I'd love who I had become and hate her a little bit as well. I would understand that Ariel had the truest my honest response that day. She grieved the loss of that old cool aunt she knew she lost the minute that baby started to form in my womb.

My life changed, I have changed. My evolution didn't happen over night, it has slowly happened for more than a decade. Each step along the way has changed me into who I am today, and that person is better in so many ways, but also so very different and maybe a little worse too, I do know she sure would be a stranger to that unsuspecting 23 year old I once was.
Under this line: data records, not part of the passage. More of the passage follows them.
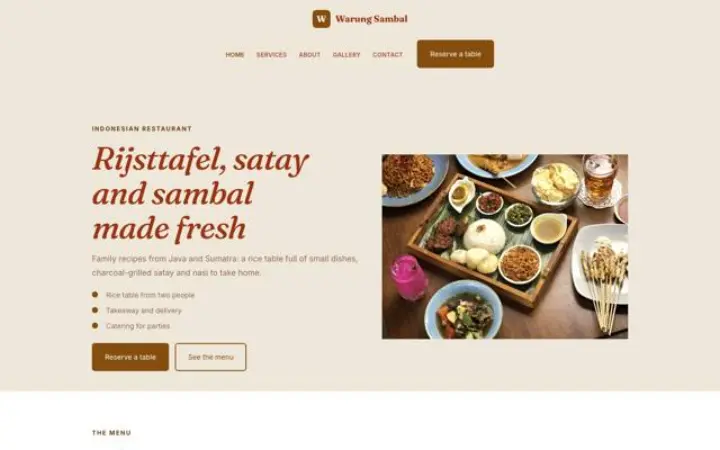 Website for indonesian restaurant
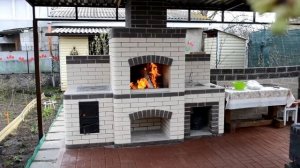 Многофункциональная уличная печь для дачи из кирпича в беседке  своими руками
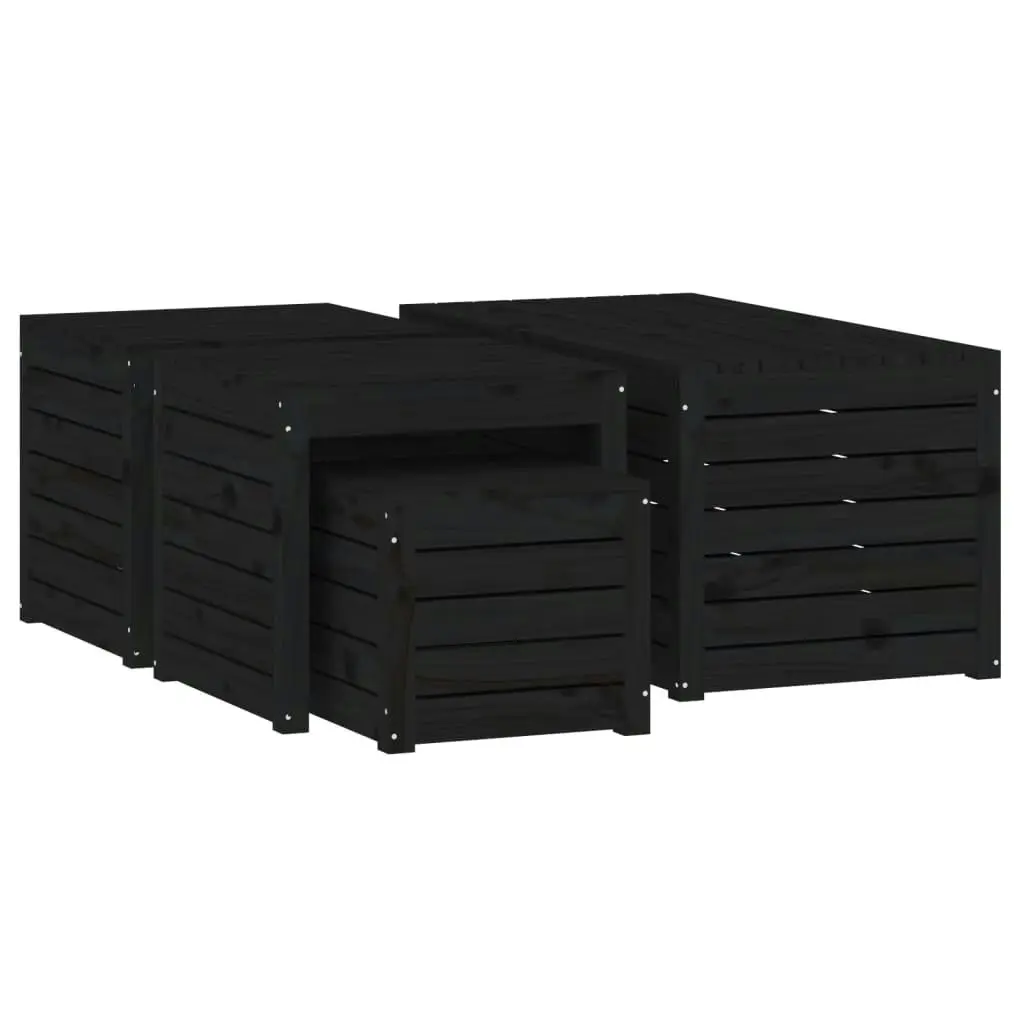 4 Piece Garden Box Set Black Solid Wood Pine 3154670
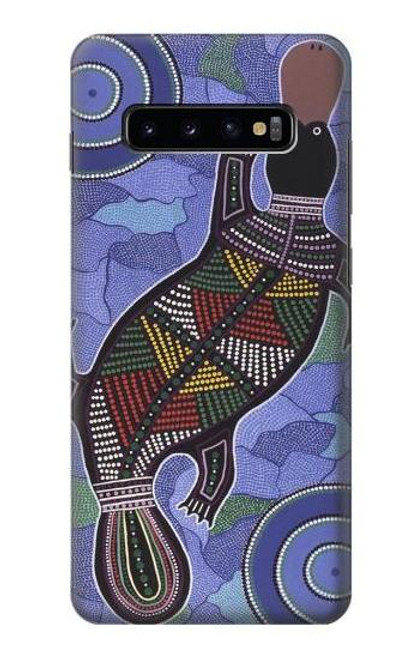 S3387 カモノハシオーストラリアのアボリジニアート Platypus Australian Aboriginal Art Samsung Galaxy S10 Plus バックケース、フリップケース・カバー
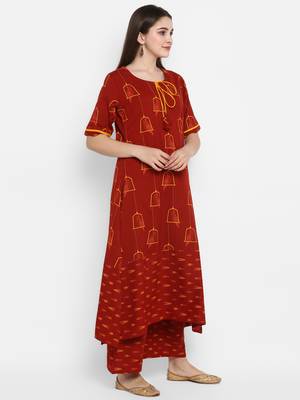 Maroon printed cotton long-kurtis 2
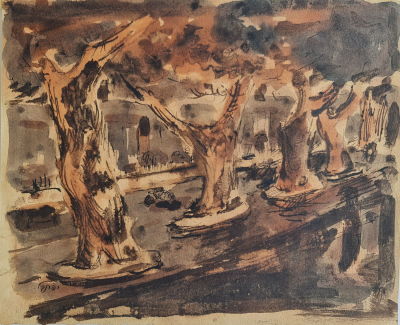 ISAAC FRENKEL FRENEL - Technique: Watercolor and ink on paper Size: 25x30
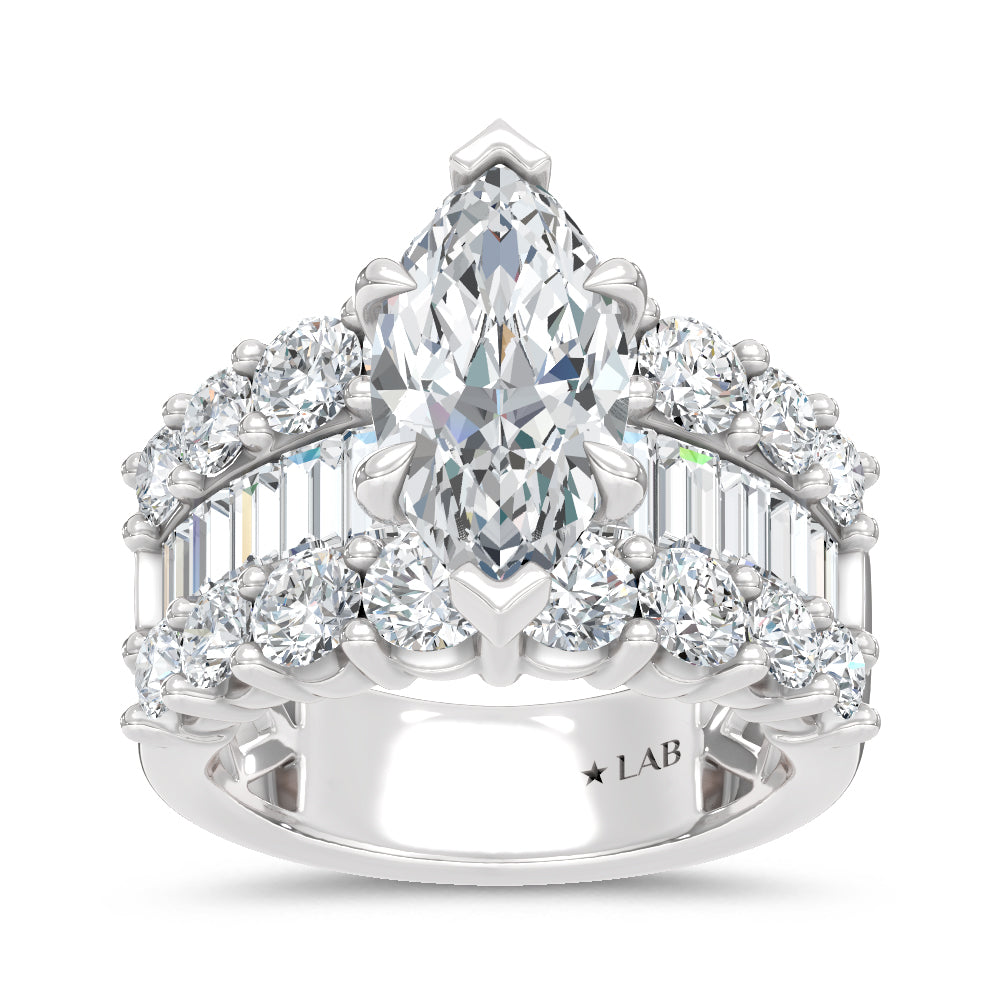14K White Gold Lab Grown Diamond 6 3/4 Ct.Tw. Center Marquise and Baguette Engagement Ring (Center 5 ctw) - LG1950W-MQ-30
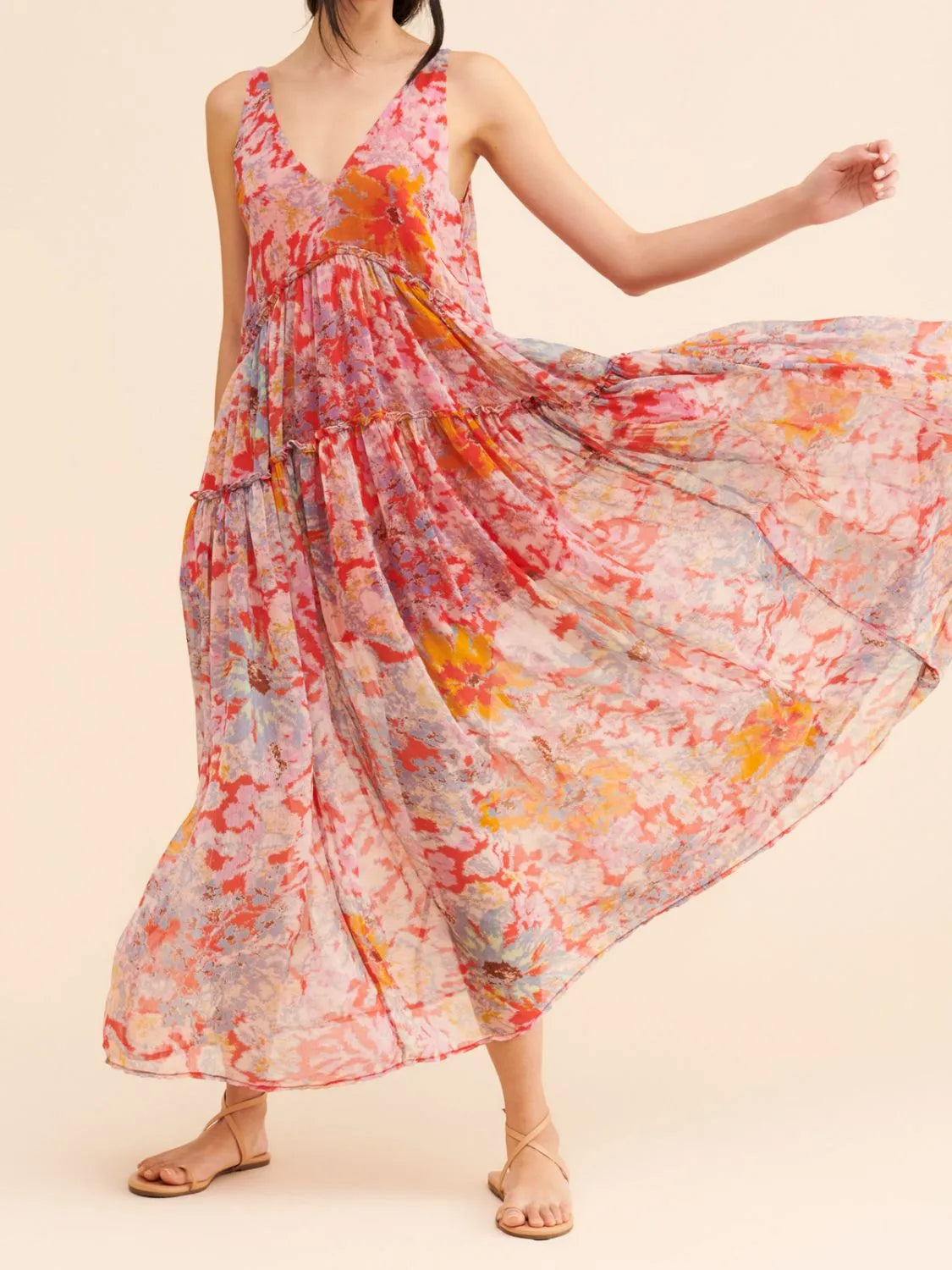 Buy Printed V-Neck Sleeveless Dress by Faz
Life is a crazy always changing, often challenging ride. This season might be the most character changing because as little as 12 years ago I had no one depend on me and now I have 3 people who do. One who we care for in ways I never imagined having to do so. But all of us, my sisters out there, we're just racing through it from practice to games, to school to friends, to play dates and doctor appointments, it is all flashing by us and it is all going so fast. And I know we will all survive these years and we will look back on these years and miss these days, but I also hope we are able to settle well into our next season and I pray to look at that lady who I become with some awe and wonder at how she survived and managed to do it all so gracefully. And how did she get the money to travel to Hawaii every year?..... Hey it's my future. Make your own.

I'm just so very thankful for a life that ever changes and challenges me and continues to push me to make better choices and better who I am.

And maybe be someone who vacations each year in Hawaii.